The automaker wrote down assets of $5.3 billion for its auto business and $2.1 billion on leases at Ford Motor Credit.
"I think grim is being optimistic for the company," Wall Street Strategies analyst David Silver said to MarketWatch. "Right after the first-quarter earnings release, there was all this talk about Ford really turning the corner, but all of Detroit seems to still be dragging their feet with this restructuring."
Truck woes
The decline in sales of the F-150, once the all-time best-selling vehicle in the U.S., has hurt truck sales across the industry. J.D. Power and Associates lowered its forecast for truck sales earlier this week because of the "sluggish economy.""The economic stress and uncertainty that consumers may face over the next six to 12 months will likely result in a continuous period of slow new-vehicle sales," executive director of automotive forecasting Jeff Schuster said in a press release. "It is also unlikely that a pronounced rebound will occur in 2009 and conditions could actually worsen before they improve." J.D. Power and Associates expects a 12% decline in light truck sales in 2008 to 14.2 million units.

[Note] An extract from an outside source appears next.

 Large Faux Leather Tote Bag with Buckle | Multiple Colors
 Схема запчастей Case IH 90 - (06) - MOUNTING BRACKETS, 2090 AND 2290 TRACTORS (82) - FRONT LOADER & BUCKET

Ford said today that it will delay the launch of the newly designed F-150 pickup. Ford also said it will convert three truck plants in the U.S. to make fuel-efficient cars and that it will double hybrid production by next year. "We continue to take decisive action in response to the rapidly changing business environment and remain absolutely committed to our business transformation plan," Ford chief Alan Mulally said. Overall U.S. auto sales have dropped eight months in a row. "The growth rate of smaller vehicle segments has not been enough to offset significant declines experienced in large-vehicle segments," J.D. Power and Associates said.In June, auto sales fell 18.3%, the worst June for automakers in 17 years, according to Edmonds.com. Ford reported a 28% drop in sales last month, with sales of its F-series pickups plunging 41%.
"Our view is that gas prices aren't likely to go down, and more importantly, many consumers have moved on," Ford sales analyst George Pipas told The Associated Press on July 1, when it reported June figures. "We believe that the segment has merit for certain consumers but is not likely to rebound at any point."
Tough times ahead
In a statement, Mulally said: "The second half will continue to be challenging, but we have absolutely the right plan to respond to the changing business environment and begin to grow for the long term."The quarterly loss is the sixth out of eight quarters since Mulally has been running the company.
Other automakers also struggling
General Motors (GM, news, msgs) reported an 18% decline in June sales, and Chrysler, majority-owned by private-equity firm Cerberus Capital Management, saw sales fall 36% last month.GM earlier this month announced more restructuring plans in an effort to deal with the mess the industry is facing. The automaker said it will cut salaried jobs, suspend its dividend and sell assets to boost its cash position. The company also said it will speed up its factory closings.
- Read more: Can GM ever come back?
GM shares were down $1.20, or 8.2%, to $13.42 this afternoon.
Meanwhile, GM lost its coveted No. 1 spot in the global sales race to Japanese automaker Toyota Motor (TM, news, msgs) earlier this week.
Toyota reported a preliminary sales gain of 2% in the second quarter, while GM's sales fell by 5%.
"There's just not quite enough volume in these emerging markets to offset weakness in North America," Mike DiGiovanni, GM's executive director of global markets and industry analysis, said on a conference call with analysts Wednesday.